Those in the static condition acknowledged that the way in which information was presented to them on-screen was similar to that of a ‘paper-and-pencil’ test (e.g. P3, P9). Interestingly, some participants in the static condition felt that the images accompanying the text were not always useful. Some noted that the images in the Power Plant and Groundwater Extraction units were the only beneficial ones as they were diagrams rather than pictures. Diagrams were highly valued by the participants in the static condition as they gave ‘the gist of what you're going to be working on’ (e.g. P9). Indeed, as indicated by more than half of the participants in the dynamic condition, static diagrams were so desirable in the CBE that these participants often created their own diagram by pausing the animation. P8 explained that pausing the videos in the dynamic condition (and thus, unintentionally creating a static stimulus) was a more efficient way for them to gather information when the videos were explaining diagrams.

Identifying relevant information

In general, once participants had gained an understanding of the overall position and content of the test item’s elements, the process of identifying relevant information (i.e. any information that they believed would help them to complete the test item) began. Some appeared to have ‘transferred’ over from paper tests and others were specific to the testing environment or condition. Unsurprisingly, most participants admitted that they spent some time trying to recall what ‘they already knew from Science class’ about a particular topic (P7). Furthermore, those in the static condition attempted to find and match key words from the stimulus text and the question stem. Participants in this condition noted that this was a standard test-taking strategy that they felt comfortable using in an online environment. They did this consistently in every item, even for those items where the stimulus text was the same as the previous item.

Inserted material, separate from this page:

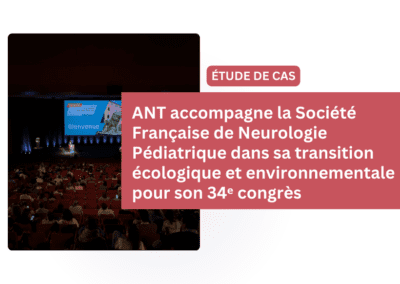 Étude de cas : ANT accompagne la Société Française de Neurologie Pédiatrique dans sa transition écologique et environnementale pour son 34ᵉ congrès
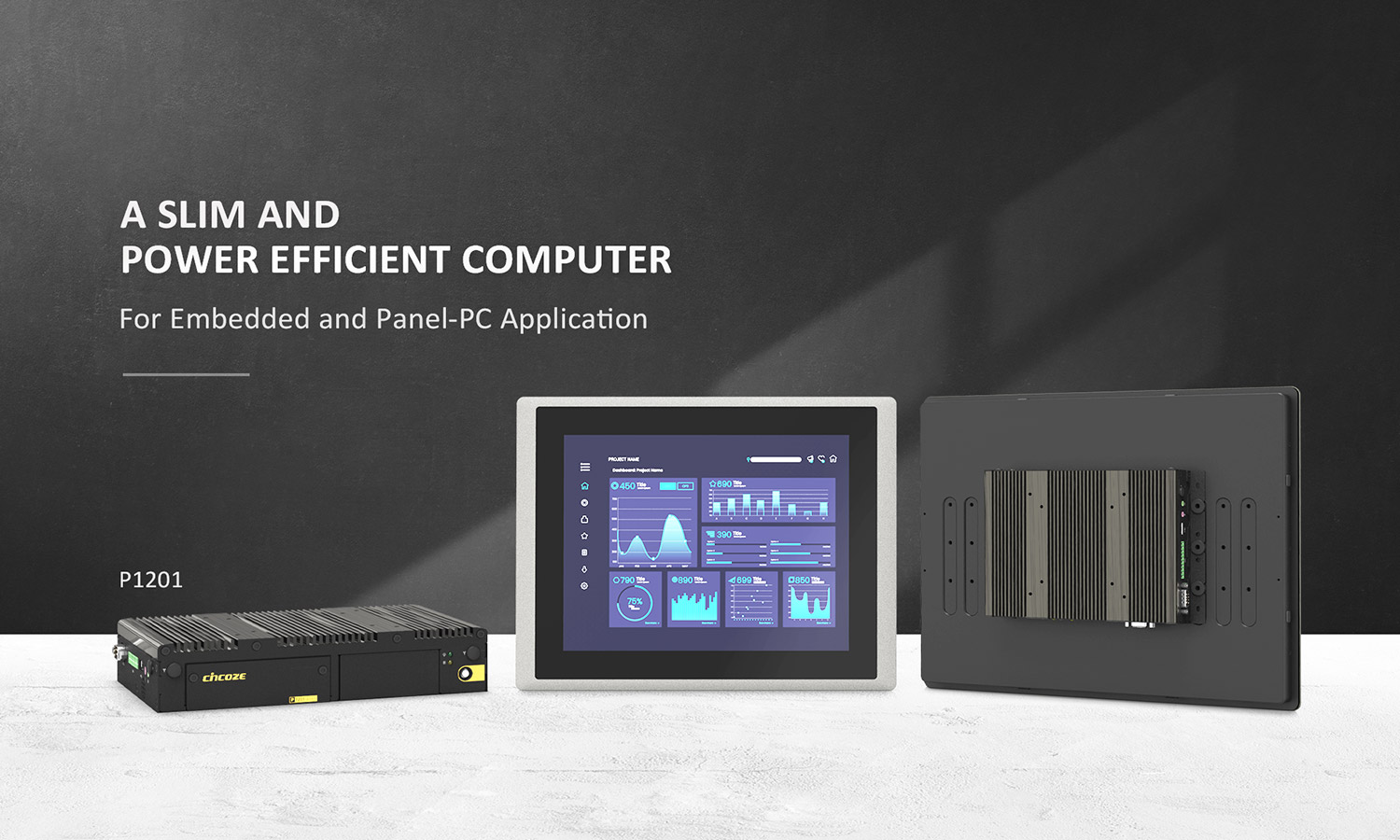 Cincoze P1201, A Slim and Power Efficient Computer For Embedded and Panel-PC Application Cincoze P1201, A Slim and Power Efficient Computer For Embedded and Panel-PC Application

I'm just trying to find a keyword that I can find in both the text and answer. I always do that in every question. P9

For those in the dynamic condition however, there was no opportunity to do this. Instead, these participants had to ‘listen out’ for the keywords in the audio narration. To speed up this process, all of the seven participants interviewed noted that they skipped through the video listening out for a key word or visual cue. For some, the use of videos as a presentation format was frustrating as ‘you don’t get the information immediately’ (P8). Others felt justified in not playing the video more than once in a unit as they ‘didn’t need all of it again’ (P8) or ‘remembered the content pretty well from the last two questions’ (P10). Although the videos often slowed down their search for relevant information, they did appear to provide other contextual information that students considered relevant. In attempting to determine which energy conversions occurred in the Power Plant unit, P5 said that they ‘remembered the lights lighting up’ in the video, thus making them more confident that at least one of the energy forms involved was electrical. Similarly, P8 highlighted that skipping to the end of the video allowed them to watch how ‘the electricity came on after the water made the turbine move’. This gave them the information they needed to complete one of the test items. This animated representation of energy conversions in the Power Plant unit may have allowed participants in the dynamic condition to more easily identify the relevant types of energy involved compared to those in the static condition.

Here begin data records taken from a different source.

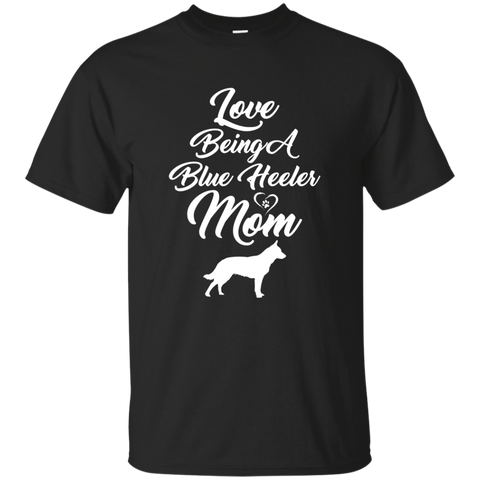 Love Being A Blue Heeler Mom Australian Cattle Dog T-shirts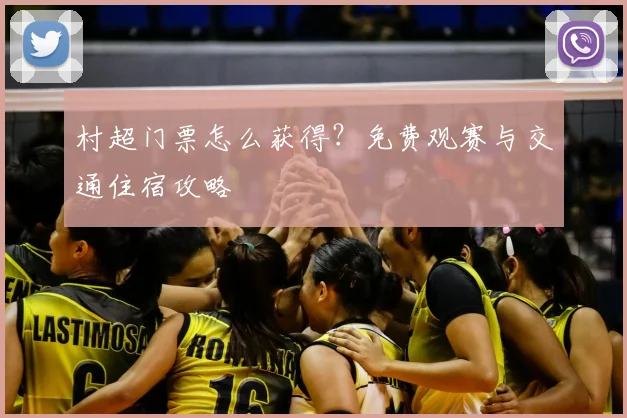 村超门票怎么获得？免费观赛与交通住宿攻略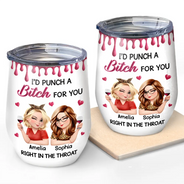 Gift For Bestie,Gifts For Colleagues,Gift For Sisters,Funny,Gift For Sibling - Right In The Throat 3D Bestie - Personalized Wine Tumbler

For the simulation-type items, some participants admitted to identifying in advance what areas of the simulation output they should attend to before running the simulation (e.g. P4, P5, P9). However, not all participants employed such a focussed approach, with others waiting until after the simulation had been run to look for the relevant information needed (e.g. P1, P6, P11). Participants had to sort through a large amount of information to identify the relevant information they needed to complete the simulation-type test. In attempting to identify this information, personal preferences seemed to play some role.

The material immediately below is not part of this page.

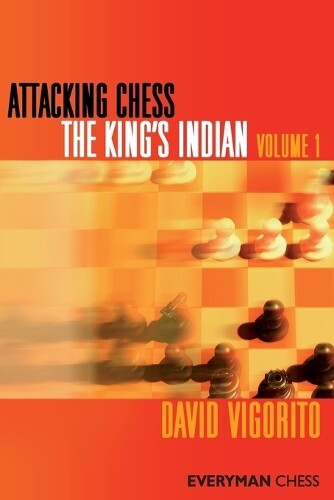 Thumbnail - David Vigorito Attacking Chess: The King's Indian (taschenbuch)
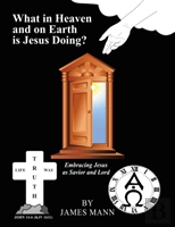 What In Heaven And On Earth Is Jesus Doing?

I just looked at the images on the top … and then I tried to remember which one was right … I barely ever looked at the table. P5

I thought the bits up top were a bit useless. The table was more useful in deciding the answer cos you had a record. P7

Theme 3: Making decisions

The third latent theme, Making Decisions, represents the decision making process undertaken by the participants as they completed each test item. Two key stages to this process were recognised: Pre-Decision Strategies and Post-Decision Checks. The first of these embodies how the participants came to their final decision based on the information they had previously deemed relevant. The second represents the final interactions the participants had with an item before moving onto the next one.

Pre-decision strategies

When reviewing their eye movements, participants recalled their thoughts in selecting or constructing their final response to an item with relative ease. In making a final decision on an answer for a test item, some participants did admit to guessing if they were unsure (e.g. P2). However, for multi-part questions, such as those that needed participants to select two words to complete a sentence, this uncertainty was much easier to manage. If participants knew the answer to one part of the item, they answered that part first and then considered the other part of the item. The participants acknowledged that this approach of ‘start(ing) with the answer you are more confident of’ (P7) was one they would employ in a standard pen-and-paper exam. However, it was much easier to use this strategy in an online exam.

It’s just two clicks. It doesn’t … It’s kind of quicker than just rubbing something out and stuff. It’s no big deal if you change your answer or just put down a placeholder in an online exam. P9

Other strategies to support their final decision were also described by the participants. For multiple-choice questions, the participants often ‘eliminated’ the possible response options one-by-one, even when they were confident of their answer. P8 admitted that they knew immediately that three of the options could be eliminated but they ‘needed to read it twice to make sure’. This preference for ‘double checking’ information before making a final decision was evident regardless of item type.

Post-decision checks

Deciding upon a particular answer or response option did not signify the completion of a test item. Analysis of the qualitative data indicated that the time after making a decision on their final response to an item but before moving onto a new item was distinguished by a number of key behaviours among the participants. The participants reported that they spent some time checking the item one last time before moving onto the next test item. The behaviours associated with these ‘post-decision checks’ were very similar to those that constituted the pre-decision strategies. For example, after completing an item many participants spent some time ‘double checking’ their answers one last time (e.g. P1, P11). This occurred even when the participant had been confident in their final decision. When queried further on this, one participant noted that they would ‘always do this in a test’ (P12) and were just transferring previously taught test-taking strategies to the online environment. However, at least half of the interviewed participants indicated that this interaction with a test item was a new experience for them that was prompted by the online environment.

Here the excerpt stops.